South Carolina Pride lit up Main Street as part of their 28th annual parade and celebration on Oct. 21. Floats were on display in support of the LGBTQ community living in South Carolina, and thousands of people showed up to watch the parade and promote togetherness for everyone involved.
Pride represents many things to different kinds of people, but regardless of what it means, it always portrays a positive outlook for people who identify as part of the LGBTQ community.
“I came out, like, in junior year in high school and my family wasn’t for it, but they accepted it, so that’s good and to have all these people here even though some of them really aren't in the LGBTQ community, but they support it, it means a lot for all of us,” said Hailey Monts, who attended the parade with friends.
Like previous years, the celebration served as a way for the LGBTQ community in South Carolina to go out and express themselves without judgement. Traditionally, SC Pride has been hosted throughout the day on Saturday, but this year, the parade was Friday night while the festival remained on Saturday.
This change was meant to cater this year's pride towards adults during the parade on Friday while creating a family-friendly environment for Saturday’s festival. Second-year sociology student Mark Pierce was unsure about the change.
“I was worried about the timing just because I didn’t know if people were going to make it out here, but it turned out to be really crowded, so it works out,” Pierce said.
Many people who were in attendance on Friday night had not been to a Pride event before, but were ready to be a part of something special.
Third-year journalism student Ashlyn Morris said, “As my first Pride, I’m really excited. I’m excited to see what it has to offer.”
Others like USC alumni Valerie Henderson and Bethany Fralick are veterans of Columbia’s annual celebration. But still, this year took on a special meaning for the pair because it was also their wedding day.

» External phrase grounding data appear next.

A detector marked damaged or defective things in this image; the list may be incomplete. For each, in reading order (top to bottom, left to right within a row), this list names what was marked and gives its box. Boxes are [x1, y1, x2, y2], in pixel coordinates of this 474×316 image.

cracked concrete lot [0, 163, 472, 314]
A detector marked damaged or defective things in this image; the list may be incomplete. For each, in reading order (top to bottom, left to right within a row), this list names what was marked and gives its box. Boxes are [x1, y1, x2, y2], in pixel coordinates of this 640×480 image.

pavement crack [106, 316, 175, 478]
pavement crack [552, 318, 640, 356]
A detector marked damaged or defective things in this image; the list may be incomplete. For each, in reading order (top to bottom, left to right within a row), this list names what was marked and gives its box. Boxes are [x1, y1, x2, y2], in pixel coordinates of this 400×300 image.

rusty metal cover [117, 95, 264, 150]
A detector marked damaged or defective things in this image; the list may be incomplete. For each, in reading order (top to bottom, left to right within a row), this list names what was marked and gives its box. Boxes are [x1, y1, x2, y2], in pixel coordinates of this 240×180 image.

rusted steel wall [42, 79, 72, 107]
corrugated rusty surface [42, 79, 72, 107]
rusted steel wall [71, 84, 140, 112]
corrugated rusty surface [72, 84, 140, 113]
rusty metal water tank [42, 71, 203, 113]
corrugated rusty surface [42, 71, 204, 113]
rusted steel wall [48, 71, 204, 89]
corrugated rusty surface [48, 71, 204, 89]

“We can show who we are,” Henderson said. “Especially in the South it’s hard, but it’s just easy to come out and have people to relate to.”
The pair noticed a shift in the tone of the event with the move to nighttime, but they still enjoyed themselves.

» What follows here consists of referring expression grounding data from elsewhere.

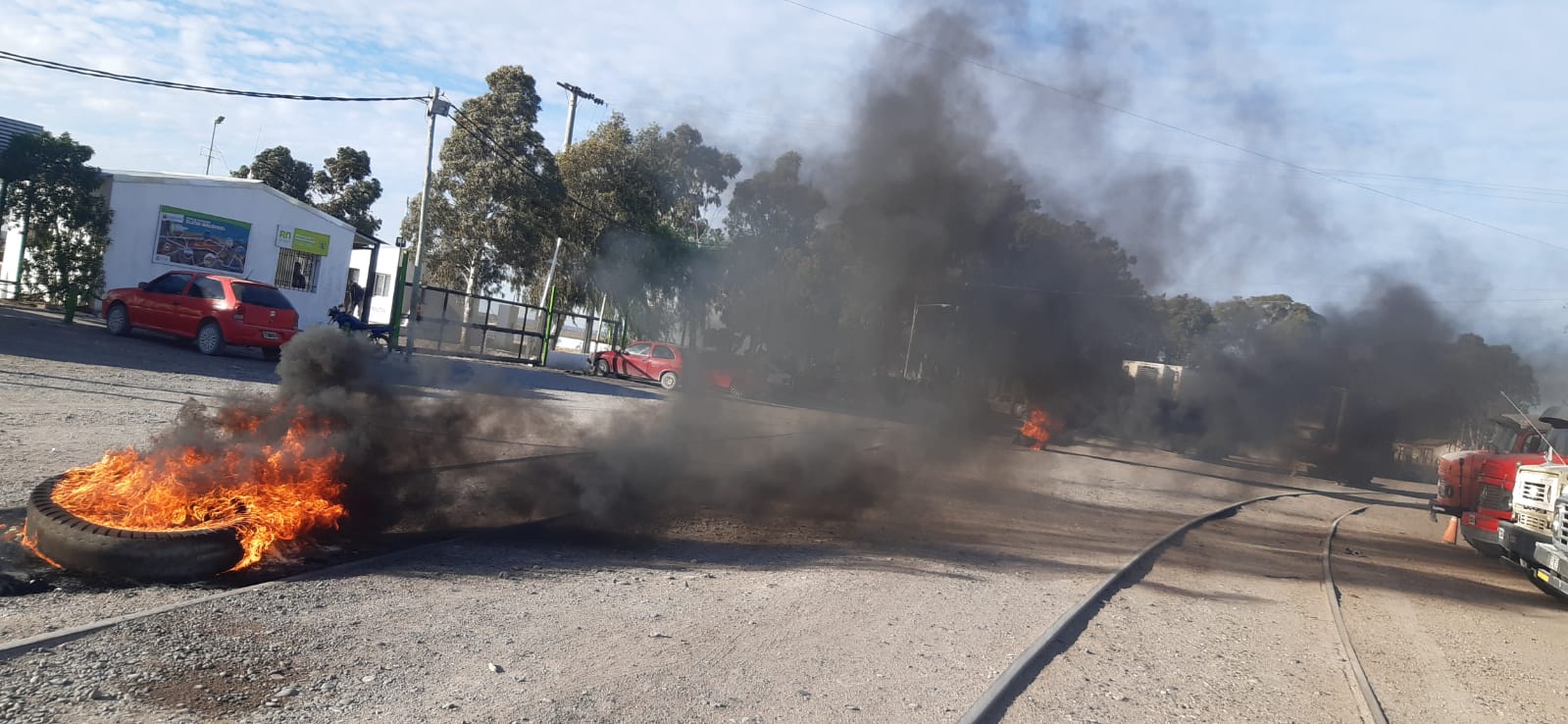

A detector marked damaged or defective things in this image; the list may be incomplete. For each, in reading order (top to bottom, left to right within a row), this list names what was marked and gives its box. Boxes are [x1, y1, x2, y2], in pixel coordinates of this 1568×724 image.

red damaged car [104, 271, 302, 358]
red damaged car [589, 339, 683, 389] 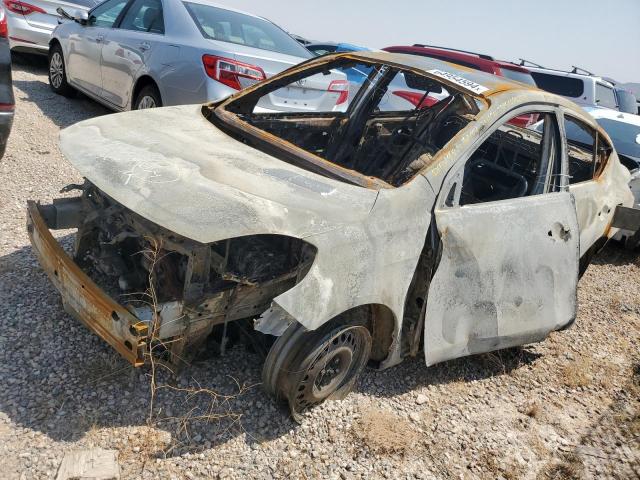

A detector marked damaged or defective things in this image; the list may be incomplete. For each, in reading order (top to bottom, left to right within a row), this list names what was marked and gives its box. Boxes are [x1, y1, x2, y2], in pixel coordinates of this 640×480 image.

rusted metal [26, 201, 146, 366]
burnt hood [57, 104, 378, 244]
burned car [26, 50, 636, 414]
charred sedan [26, 50, 636, 414] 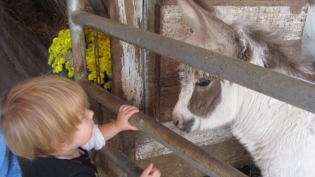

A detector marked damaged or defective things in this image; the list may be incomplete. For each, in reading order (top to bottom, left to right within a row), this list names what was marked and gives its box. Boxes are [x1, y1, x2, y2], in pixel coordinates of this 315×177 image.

rusty metal pipe [73, 10, 315, 114]
rusty metal pipe [81, 79, 249, 177] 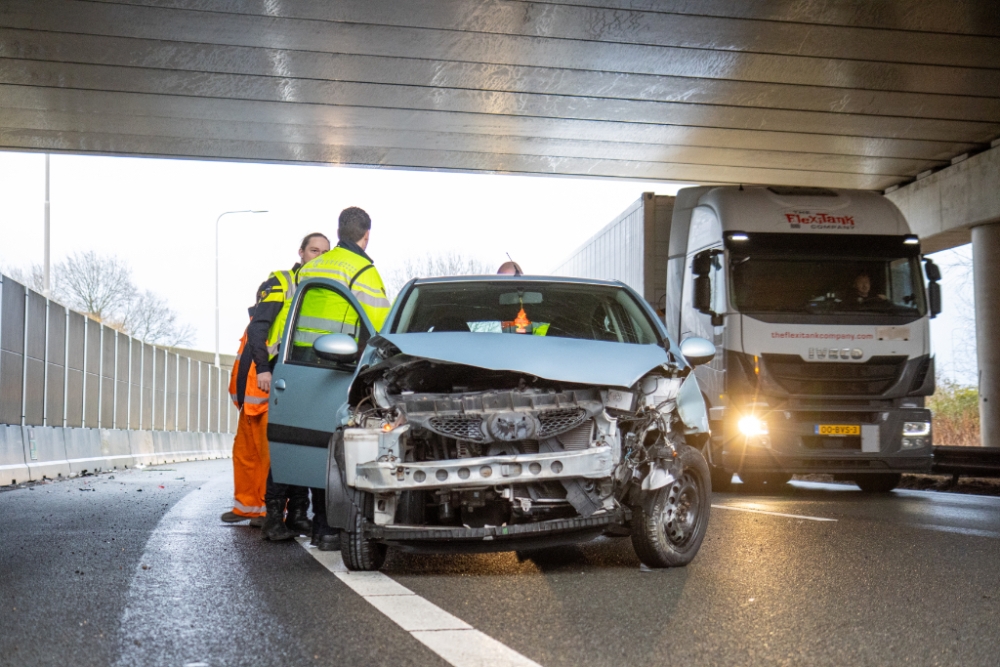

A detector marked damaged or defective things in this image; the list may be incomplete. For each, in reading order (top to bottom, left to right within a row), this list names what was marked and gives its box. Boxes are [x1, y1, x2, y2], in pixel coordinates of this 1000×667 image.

damaged car front [270, 274, 716, 572]
crumpled hood [374, 332, 672, 388]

“It’s a lot more lively,” Fralick said. “We’re able to show our colors a little more.”
From concerts to drag shows to speakers, Pride offered many events for people to be a part of all through the weekend.
When the parade was over, the events continued with a rousing “Street Dance” concert party where rapper Lil’ Kim performed and a “Get Lit After Party” at Capital Club in The Vista to cap off the night.
Throughout Saturday, the festival remained packed. Pride hosted another series of drag concerts, shows and speakers, stretching along Main Street from Lady Street to Taylor Street. The space was filled with a series of vendors, promoters and festival stars.
This years entertainment featured Betty Who, Jody Watley, Alissah Brooks, Debby Holiday and Paris Lefaris, along with the stars of RuPaul’s Drag Race. Also featured were speakers from across the state talking on points such as black pride, upstate pride and much more.
Among all the celebration and events, the overall meaning of the events was not lost on attendees.
“Pride means being yourself, it means being who you love and doing what you love for all the people around you and connecting with other people around you,” Morris said.